Ce dernier avait été découvert en 1990, ligoté à un arbre et tué par balle. L’enquête, reprise par le pôle des cold cases de Nanterre, se concentre depuis sur Vérove, décédé par suicide dans le Gard en 2021. La nouvelle analyse d’écriture, comparée à une lettre d’aveux laissée par l’ancien gendarme, établit un lien tangible entre le suspect et les effets personnels de la victime, retrouvés chez des commerçants.
Cette découverte s’ajoute à une expertise balistique menée parallèlement. Celle-ci indiquerait une compatibilité entre l’arme ayant appartenu à François Vérove et le projectile mortel. L’accumulation de ces éléments techniques renforce considérablement l’hypothèse selon laquelle « le Grêlé » serait bien l’auteur de ce meurtre.

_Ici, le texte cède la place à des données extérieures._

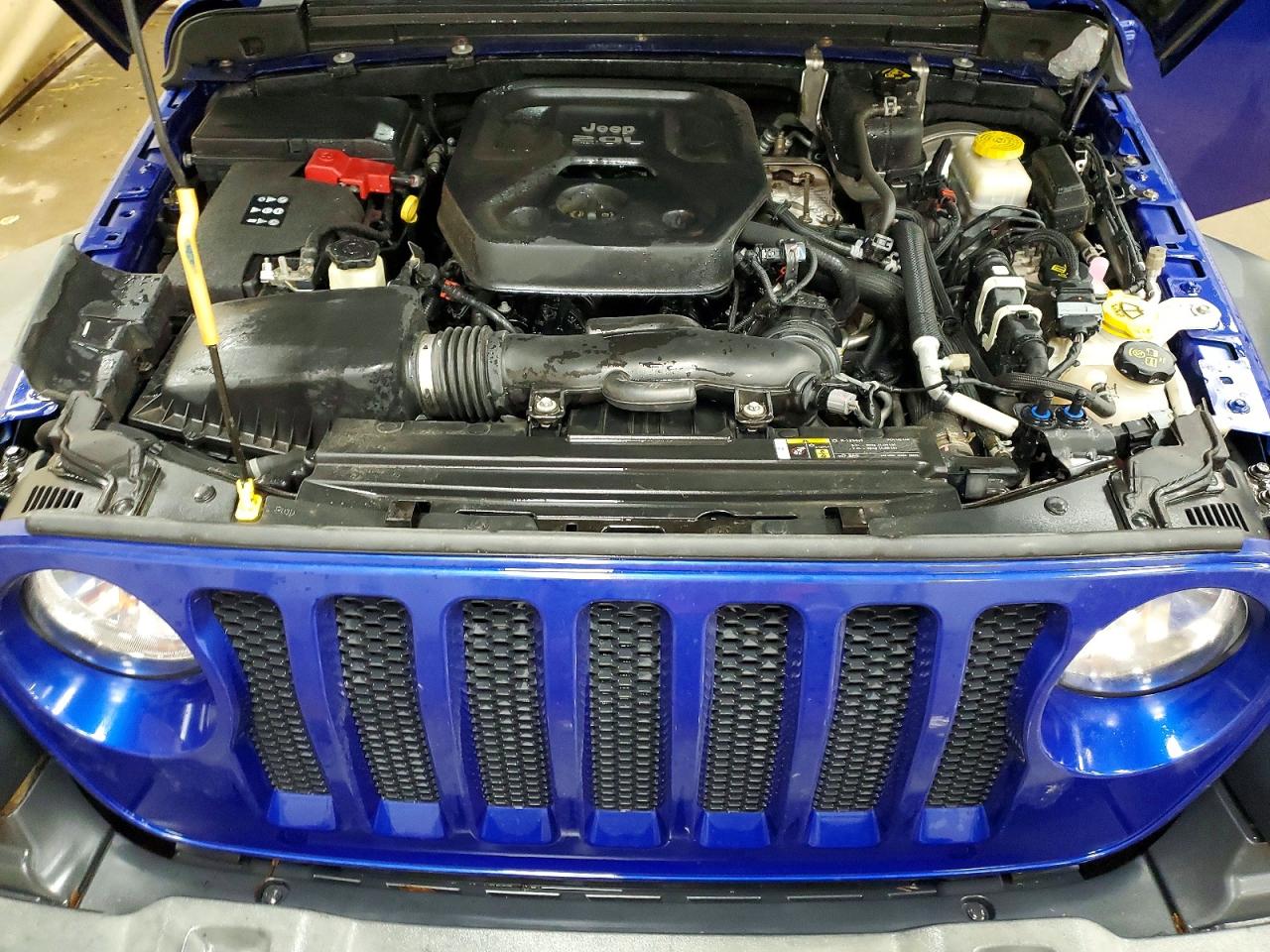 2018 JEEP WRANGLER UNLIMITED SPORT photo 23
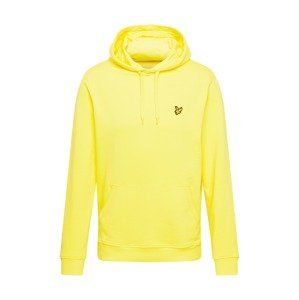 Lyle & Scott Mikina  žltá / zlatá žltá / čierna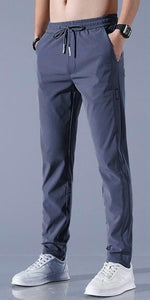 Premium NS Lycra Men's Stretchable Track Pants Combo - Pack of 2 Athletic Joggers for Gym, Lounge, and Casual Wear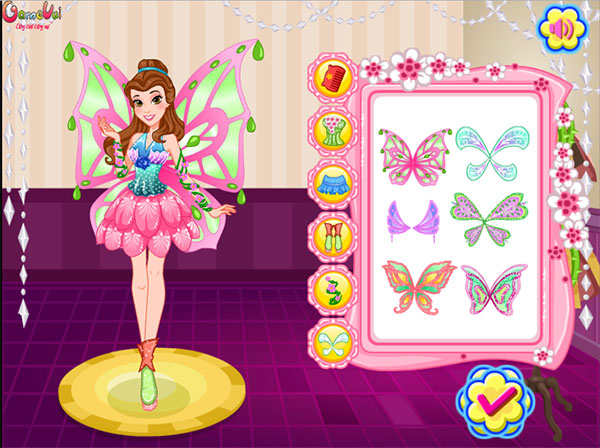 Game Trang Phục Dự Tiệc - Beauty Princess Winx Style - Game Vui
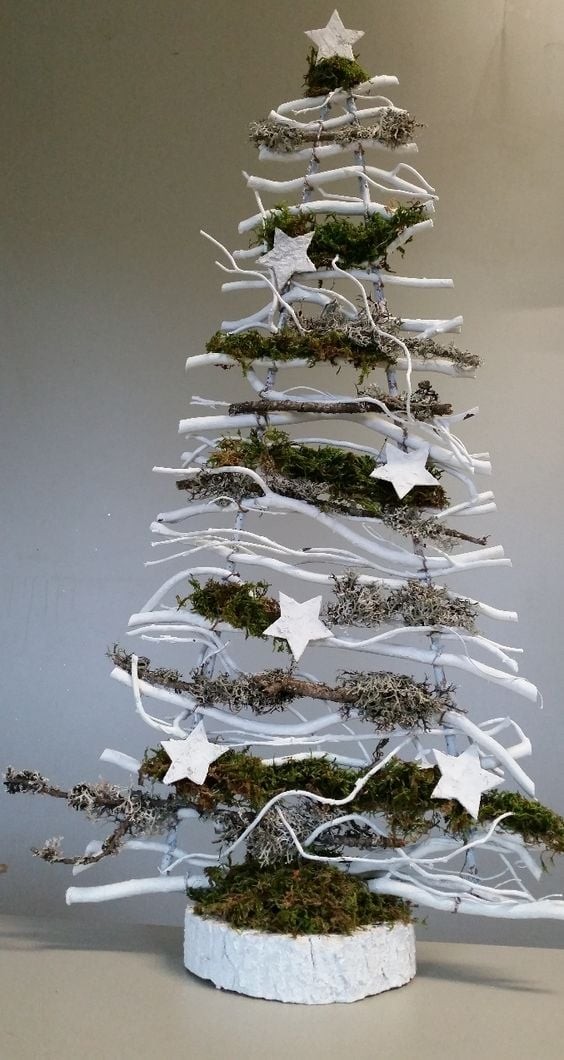 42 Sapins de Noël en bois à fabriquer soi-même 31 42 Sapins de Noël en bois à fabriquer soi-même 31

Les investigations du pôle de Nanterre se poursuivent au-delà de ce dossier. Les magistrats examinent désormais la possible implication du suspect dans d’autres crimes, dont une affaire de viol, afin de déterminer l’étendue réelle de ses agissements.
Avant de se donner la mort alors que les enquêteurs se rapprochaient de lui, François Vérove avait confessé dans une lettre être un « grand criminel », actif jusqu’à la fin des années 1990. C’est précisément ce document qui sert aujourd’hui de référence pour confronter l’homme à ses crimes présumés, apportant des réponses longtemps attendues aux familles des victimes.